In 2016, I wrote a series of ACS blogs on the paper by Robert Thompson on “Cultural models and shoreline social conflict” (Coastal Management, 2007, 35, 211-237). This is a most inspiring contribution to coastal management literature. I have used it in teaching on a number of occasions, and in September will be used again in lectures at UNSW and Sydney University. It is ideal for role play and demonstrating diversity of perspectives that people bring to the contested space we call the “coast”.
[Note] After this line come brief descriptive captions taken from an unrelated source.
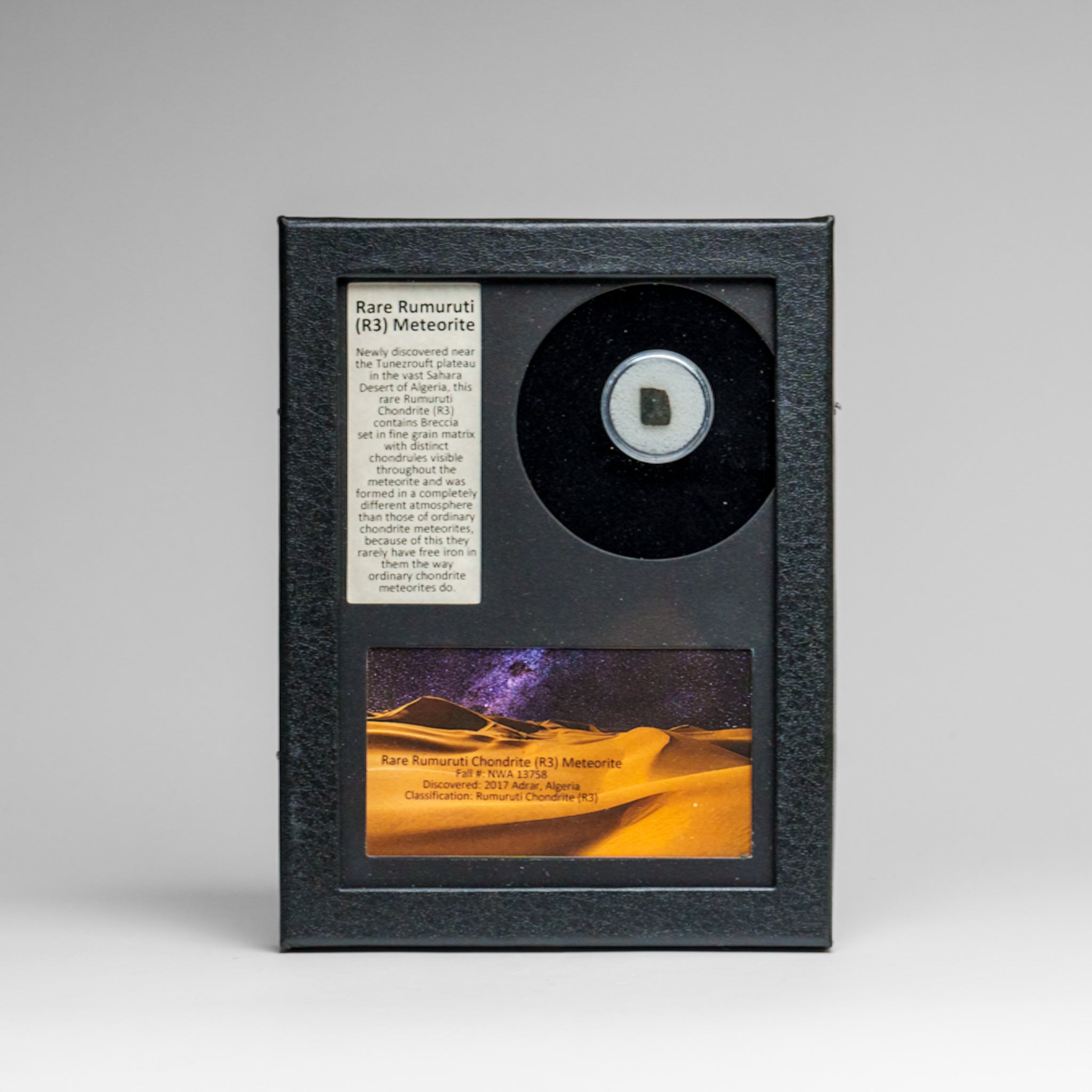 Rare Rumuruti (R3) Meteorite in Glass Display Box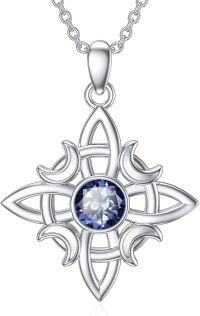 wholesale 925 Sterling Silver Witches Knot Birthstone Necklace Wicca Moon Celtic Pendant-09-Birthstone & September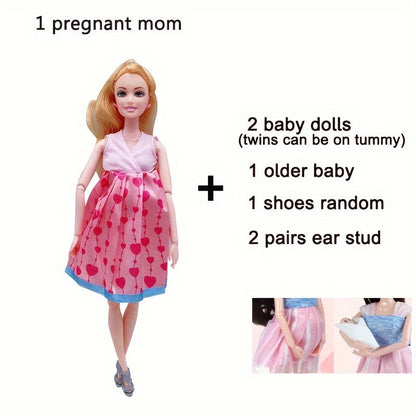 Poupée mannequin enceinte de 30 cm avec articulations mobiles, maman poupée avec 2 bébés, poupée aînée, boucles d'oreilles, chaussures, robe moderne, poupée princesse, jouet éducatif pour filles de 3 ans et plus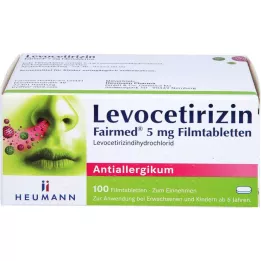 LEVOCETIRIZIN reilut 5 mg kalvopäällystetyt tabletit, 100 kpl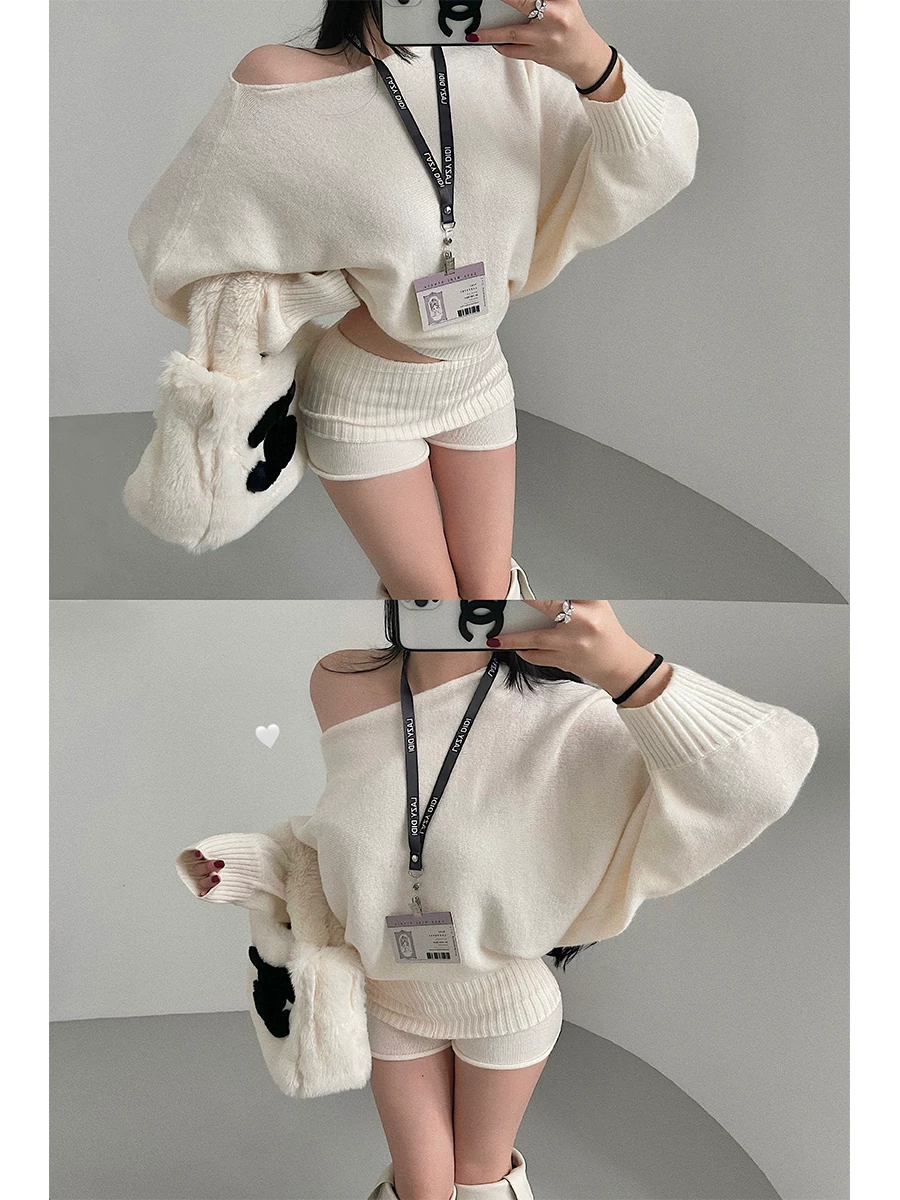 YoungGirlDay pure Desire phong cách lười biếng, áo trễ vai dáng rộng tay dài, quần short cạp cao viền cuộn, bộ đồ dệt kim hợp thời trang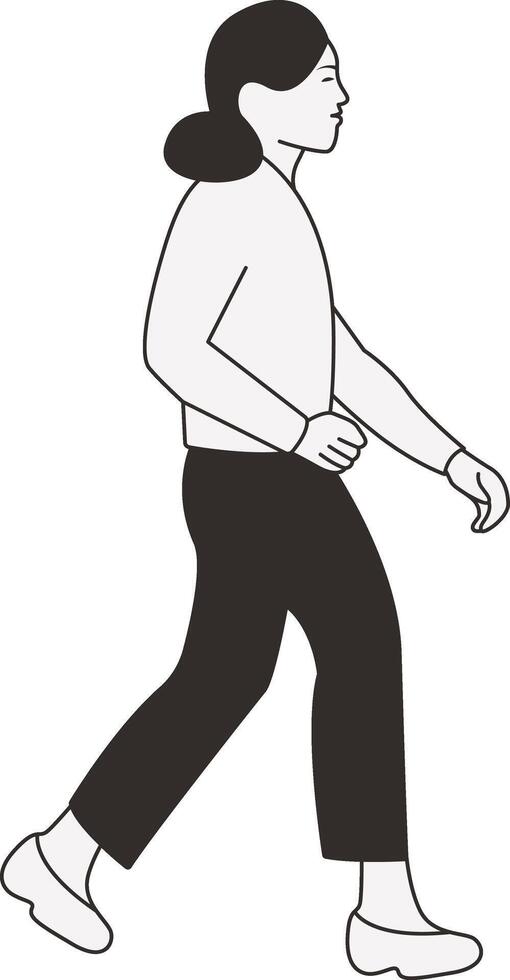 Woman Walking Character in Casual Clothes vector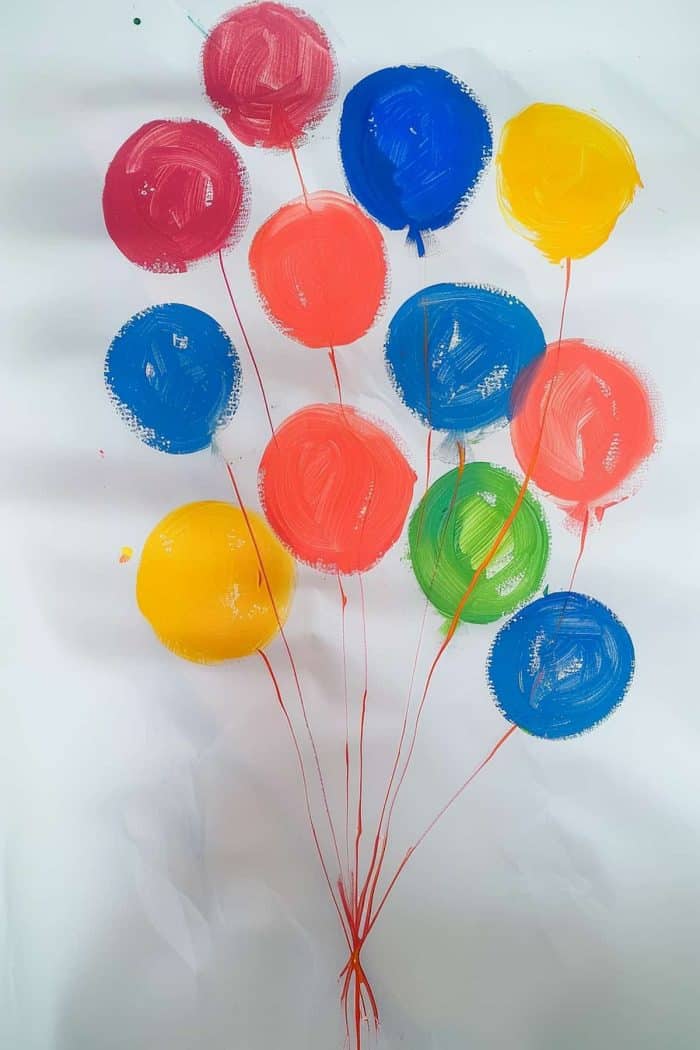 Finger-painted balloons in various colors on white paper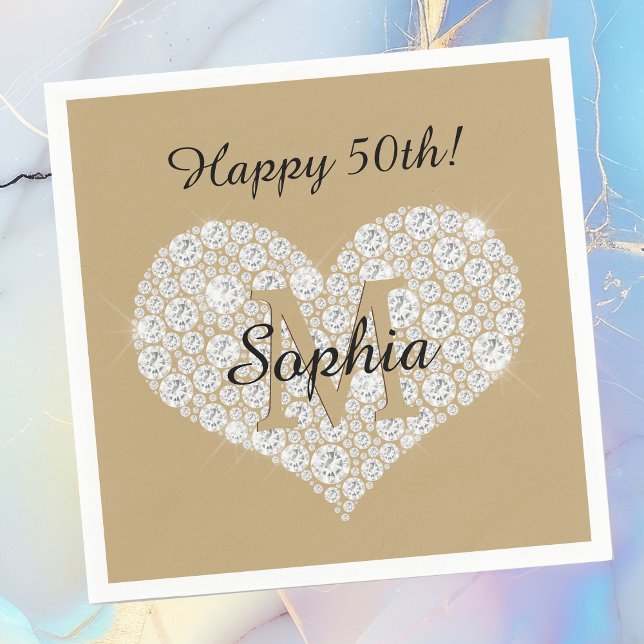 Any Birthday, Diamond Heart, Gold Monogram, Name Napkin (Creator Uploaded)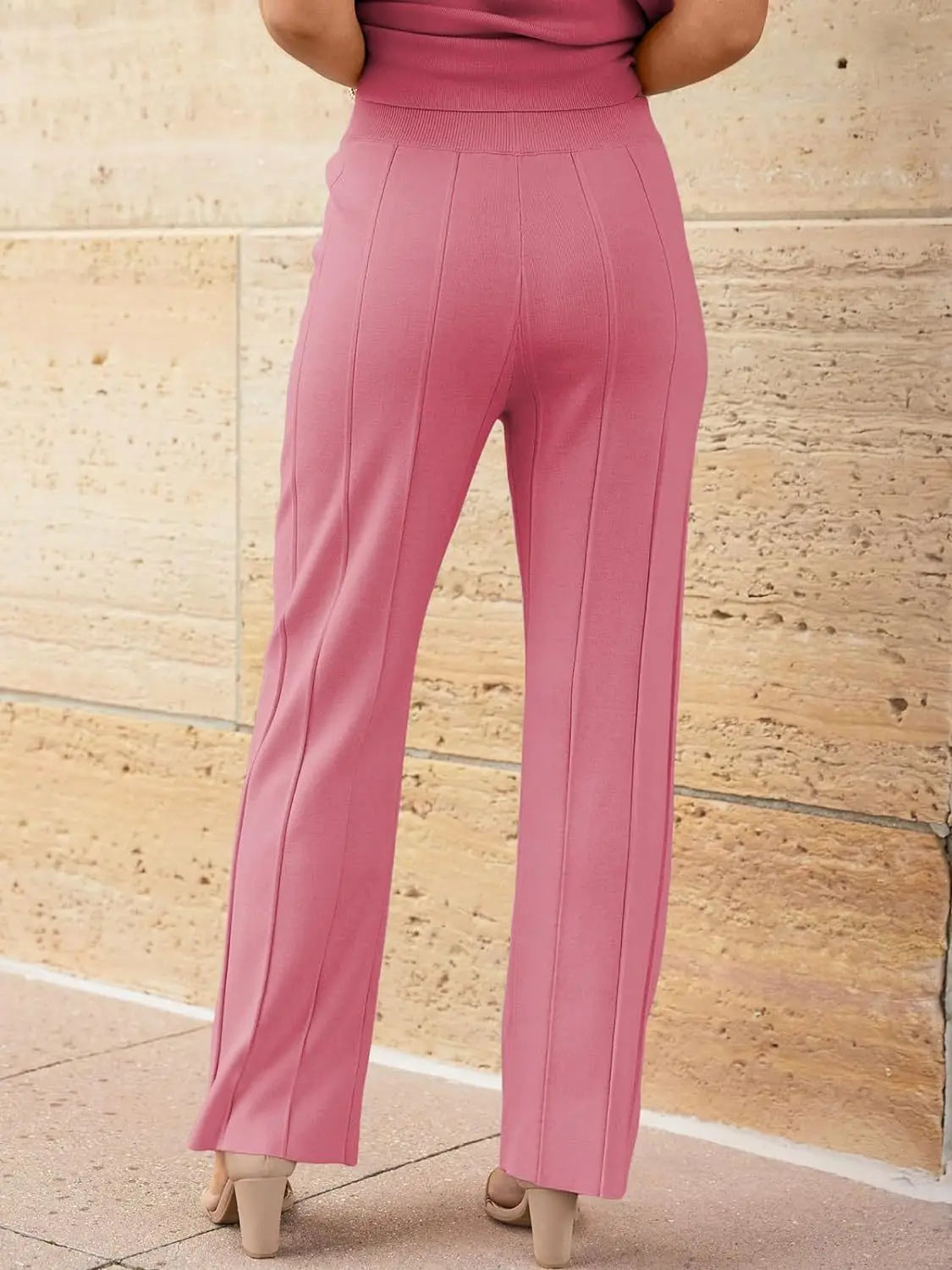 Alvira Women's Two-Piece Set – Relaxed Top & Wide-Leg Trousers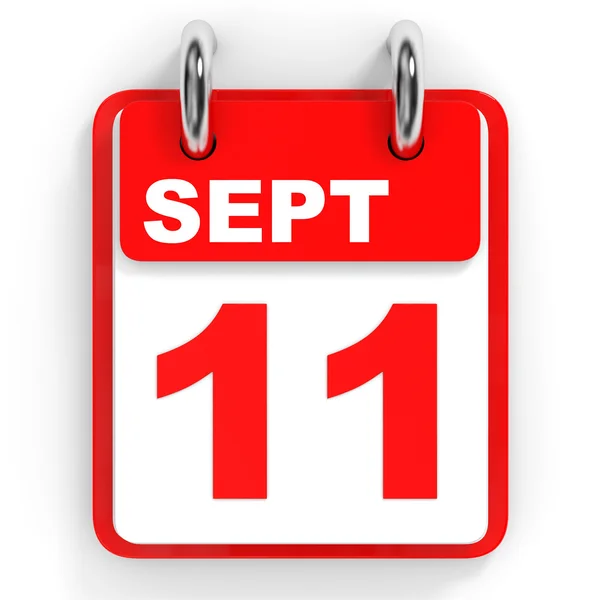 Kalender auf weißem Hintergrund. 11. September. — Stockfoto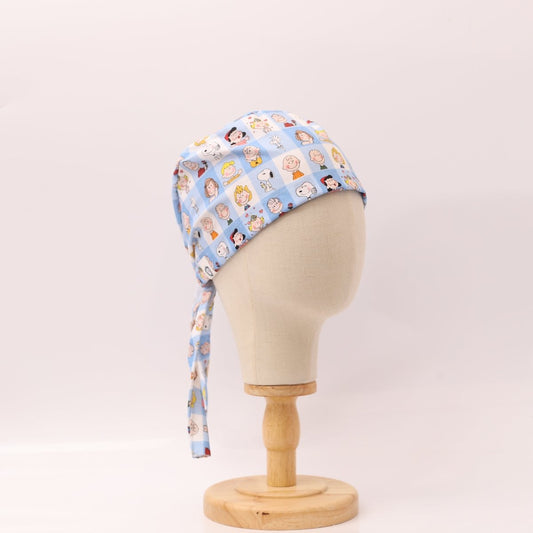 Charlie Brown + Friends In Grid Scrub Cap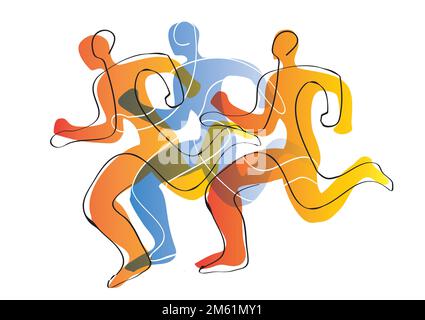 Corsa, maratona, jogging, line art stilizzato. Illustrazione stilizzata di tre corse. Disegno a linea continua. Vettore disponibile. Illustrazione Vettoriale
I was reminded of Thompson’s work again this past week. On Wednesday evening, I was privileged to participate in a community meeting in the Strathfield Town Hall to discuss the future of one of Australia’s most damaged estuaries, the Cooks River, in Sydney. Then on Friday, Colin Woodroffe invited me to assist him prepare video lectures on coastal management by recollecting my experience in 2003 in resolving community angst over the fate of Lake Illawarra during a drought period. Both events reminded me of the struggles we face in bringing together the numerous stakeholders who get involved in planning and managing coastal assets, something Thompson made so clear in his discussion of “cultural models”.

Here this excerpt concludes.